Corte di Cassazione, sez. VI Penale, sentenza 18 novembre 2015 – 2 febbraio 2016, n. 4170

L’uso sistematico della violenza, quale ordinario trattamento del minore, anche lì dove fosse sostenuto da animus corrigendi, non può rientrare nell’ambito della fattispecie di abuso dei mezzi di correzione, ma concretizza, sotto il profilo oggettivo e soggettivo, gli estremi del più grave delitto di applicazione del principio, la S.C. ha annullato la decisione del giudice di merito qualificando ai sensi dell’art.572 cod. pen., e non come abuso dei mezzi di correzione, la condotta di ripetuto ricorso alla violenza, sia psicologica che fisica, infilitta, per finalità educative, da una maestra di scuola materna ai bambini a lei affidati). (Sez. 6 n. 5342 5 del 22/10/2014 – dep. 22/12/2014, P.M. In proc. B., Rv. 262336)

Interessante pronuncia quella della VI Sezione Penale della Suprema Corte di Cassazione (18 novembre 2015 – 2 febbraio 2016, n. 4170), che interviene in punto di qualificazione di condotte violente da parte degli insegnanti nei confronti dei propri alunni sotto il profilo della distinzione giuridica tra due fattispecie, apparentemente contigue, ma in realtà molto differenti.

Nella specie si tratta del reato di abuso di correzione o disciplina come previsto e disciplinato dall’art. 572 c.p. o, al contrario, del reato di maltrattamenti in famiglia, di cui al precedente art. 571 c.p.
La questione in verità, non è esente da dubbi. È richiesta, al contrario, una seria e puntuale valutazione di tutte le circostanze del caso, da ricondurre sotto l’alveo dell’una o dell’altra fattispecie astratta.
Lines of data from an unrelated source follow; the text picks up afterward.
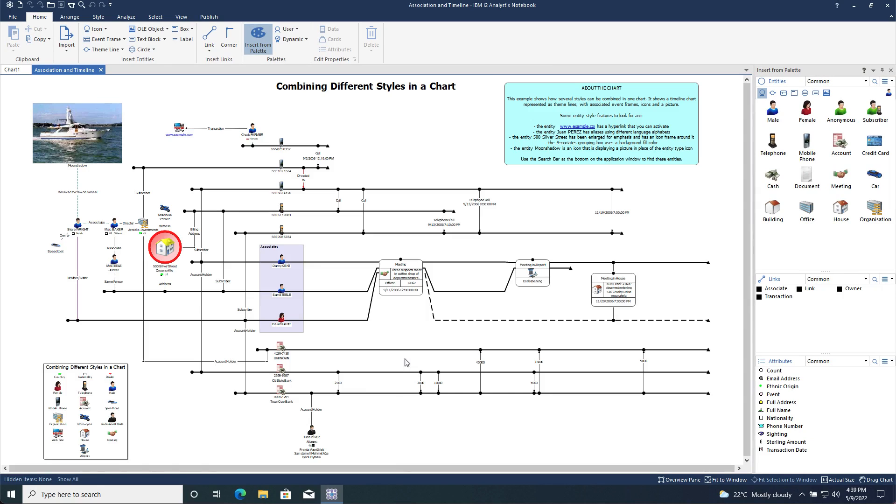Now that I have opened the example chart, I can see that Analyst Notebook has been successfully installed and I can now start to create my own analysis charts.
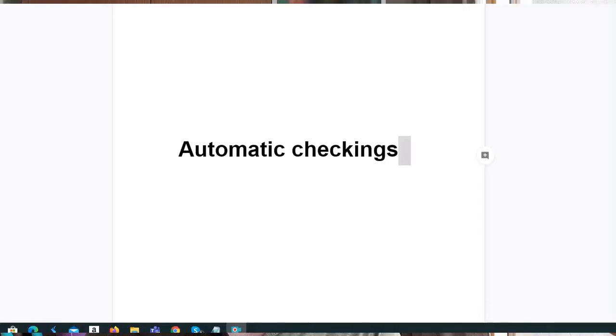Basically, we have two kinds of checks: the formal checks, also known as automatic checkings, and the documental check.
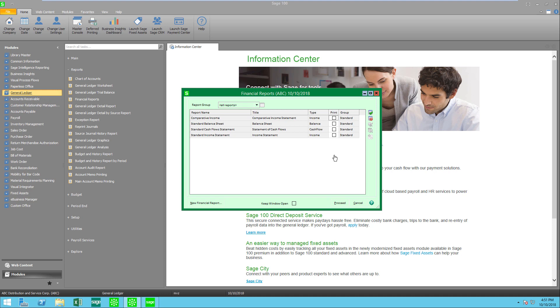If you find that the standard templates in the wizard here are not suitable for your needs then you might want to try Sage Intelligence which comes with your subscription of Sage 100.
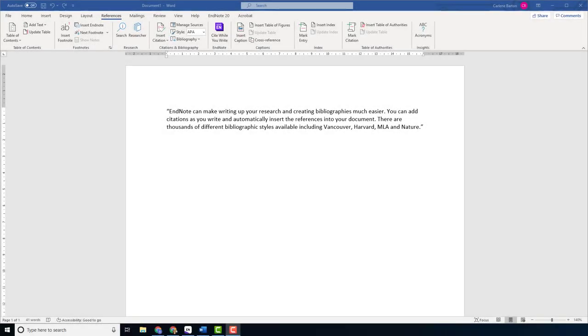Inserting footnotes. You can insert footnotes using Microsoft Word in conjunction with EndNote. To do this, place the cursor where you want your footnote to appear.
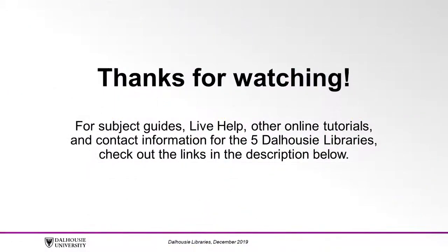Thanks for watching. For subject guides, live help, other online tutorials, and contact information for the five Dalhousie libraries, check out the links in the description below.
La vicenda in commento, vedeva imputata un’insegnante di una scuola elementare, per il grave delitto di maltrattamenti di cui all’art. 572 c.p. La denuncia giungeva da alcuni genitori della scuola elementare, per presunti maltrattamenti continuati di quest’ultima nei confronti di alunni, con condotte consistite in violenze sia fisiche sia psicologiche. Già condannata in primo grado per il reato a lei ascritto, la stessa proponeva appello alla competente Corte di Brescia.
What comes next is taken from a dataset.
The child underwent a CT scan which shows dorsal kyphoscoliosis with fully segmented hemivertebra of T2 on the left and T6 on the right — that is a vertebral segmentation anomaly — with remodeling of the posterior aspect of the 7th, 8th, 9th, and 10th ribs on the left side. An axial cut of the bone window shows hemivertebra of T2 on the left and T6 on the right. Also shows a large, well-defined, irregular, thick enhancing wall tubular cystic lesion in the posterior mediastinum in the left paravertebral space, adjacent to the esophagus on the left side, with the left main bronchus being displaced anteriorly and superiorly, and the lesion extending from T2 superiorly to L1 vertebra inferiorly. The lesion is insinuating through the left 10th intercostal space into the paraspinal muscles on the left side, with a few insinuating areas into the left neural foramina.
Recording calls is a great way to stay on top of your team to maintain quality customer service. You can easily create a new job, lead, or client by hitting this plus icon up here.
Ebbene, quest’ultima, all’esito del giudizio di secondo grado, riqualificava il reato sotto la fattispecie del delitto di abuso dei mezzi di correzione o di disciplina, rideterminando così la pena. Mancava, a giudizio del collegio giudicante, il dolo, seppure generico, dell’agente di sottoporre le vittime a fatti oggettivamente rientranti negli “maltrattamenti” di cui al reato contestato; difatti la finalità perseguita dalla donna “che comunque agiva nel convincimento di perseguire il fine di educare correggere la vittima” comportava che la stessa non avesse affatto ragione di percepire le proprie condotte come obiettivamente fonte di vessazione e umiliazione rilevante ai sensi dell’art. 572 cod. pen., come dimostrato dalla reazione dei minori. Ciò, quindi, imponeva la rivalutazione dei fatti (…).

Di avviso contrario la Suprema Corte di Cassazione, che senza esitazione alcuna, accoglieva il ricorso del Procuratore generale presso la Corte di Appello, sotto il profilo della erronea qualificazione giuridica del fatto, in quanto in evidente contrasto con l’orientamento ormai costante della giurisprudenza, in tema di definizione dei rispettivi ambiti dei reati di cui agli articoli 571 e 572 codice penale:
Chiunque abusa dei mezzi di correzione e di disciplina in danno di una persona sottoposta alla sua autorità, o a lui affidata per ragioni di educazione, istruzione, cura, vigianza o custodia, ovvero per l’esercizio di una professione o di un’arte è punito, se dal fatto deriva il pericolo di una malattia nel corpo o nella mente, con la reclusione fino a sei mesi”.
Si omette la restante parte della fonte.